* Given entries
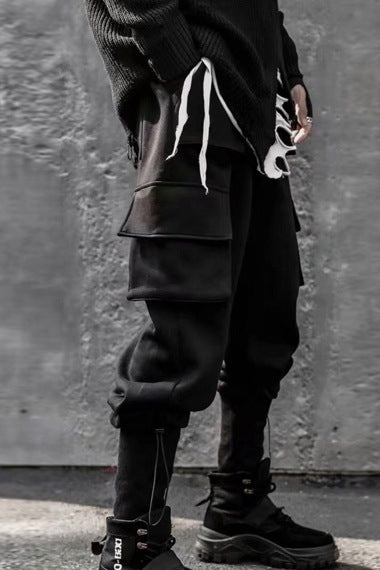 Street Scout Utility Cargo Pants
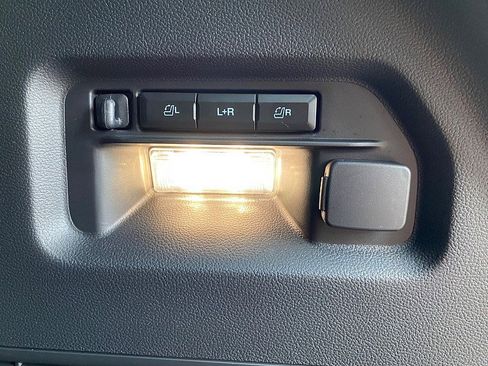 Certified 2025 Ford Explorer ST w/ Sun And Sound Package image 63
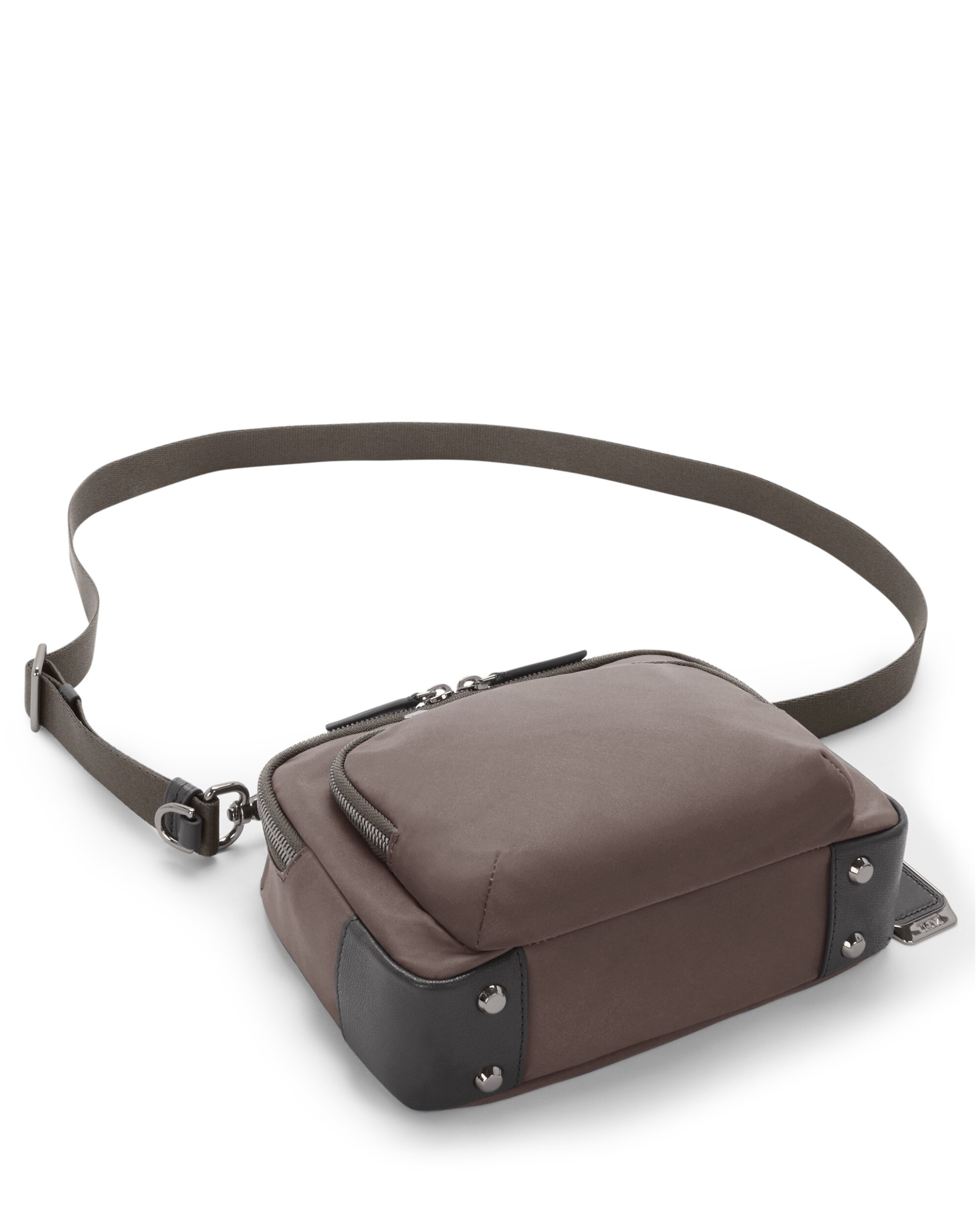Estuche de belleza madeline voyageur de nailon y piel - Tumi - Topo Topo-5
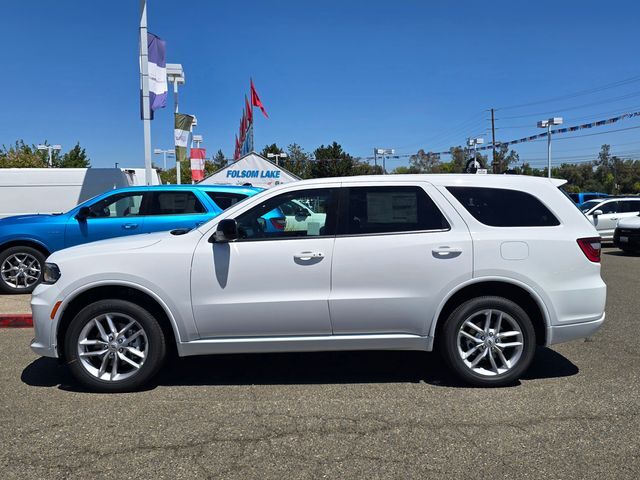 2026 Dodge Durango GT Folsom CA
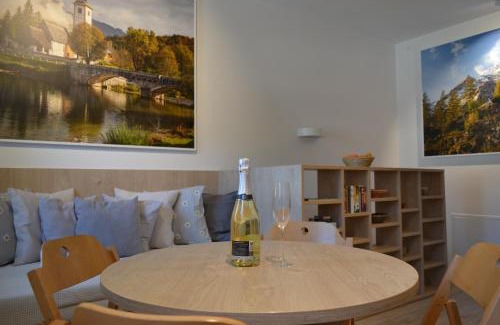 Bohinjska Bistrica Apartamento | APARTMA VODNIK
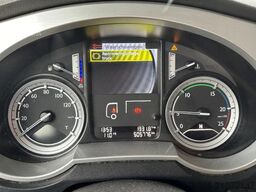 DAF XF 460 6x4!! HIAB 24TM CRANE/KRAN/TREKKER/BAKWA...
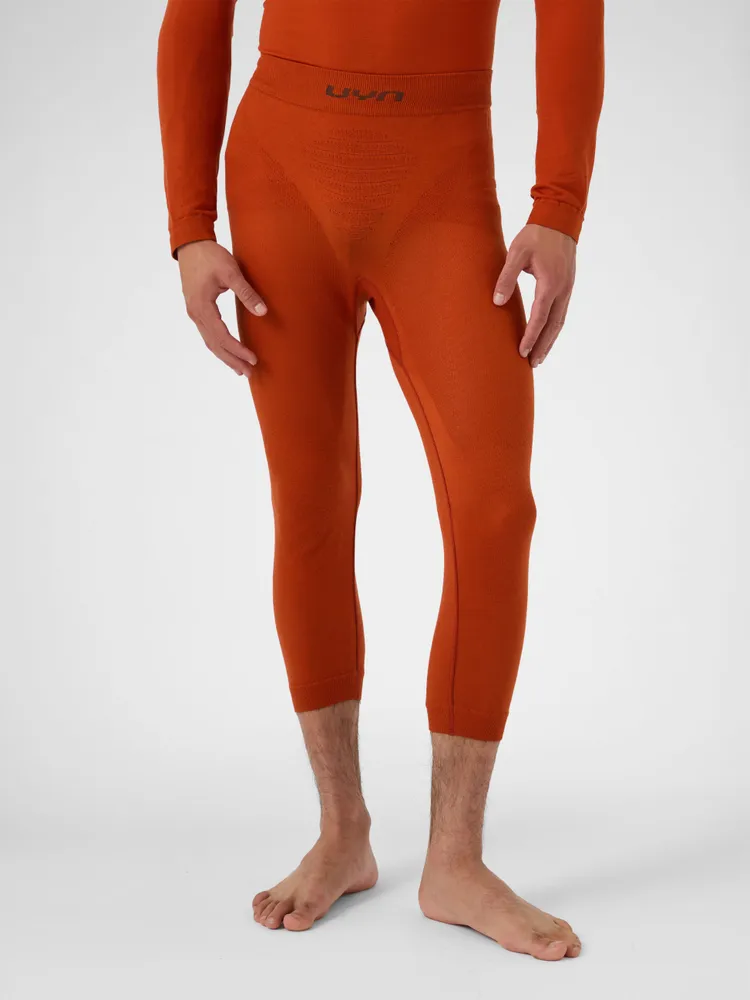 Термоштаны MAN ENERGYON BIOTECH UW PANTS MEDIUM Bombay Brow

* Aim of the exercise
When you print the entries, keep every line exactly as it is and drop the pictures.

* Response for this exercise
 Street Scout Utility Cargo Pants
 Certified 2025 Ford Explorer ST w/ Sun And Sound Package image 63
Estuche de belleza madeline voyageur de nailon y piel - Tumi - Topo Topo-5
 2026 Dodge Durango GT Folsom CA
 Bohinjska Bistrica Apartamento | APARTMA VODNIK
 DAF XF 460 6x4!! HIAB 24TM CRANE/KRAN/TREKKER/BAKWA...
 Термоштаны MAN ENERGYON BIOTECH UW PANTS MEDIUM Bombay Brow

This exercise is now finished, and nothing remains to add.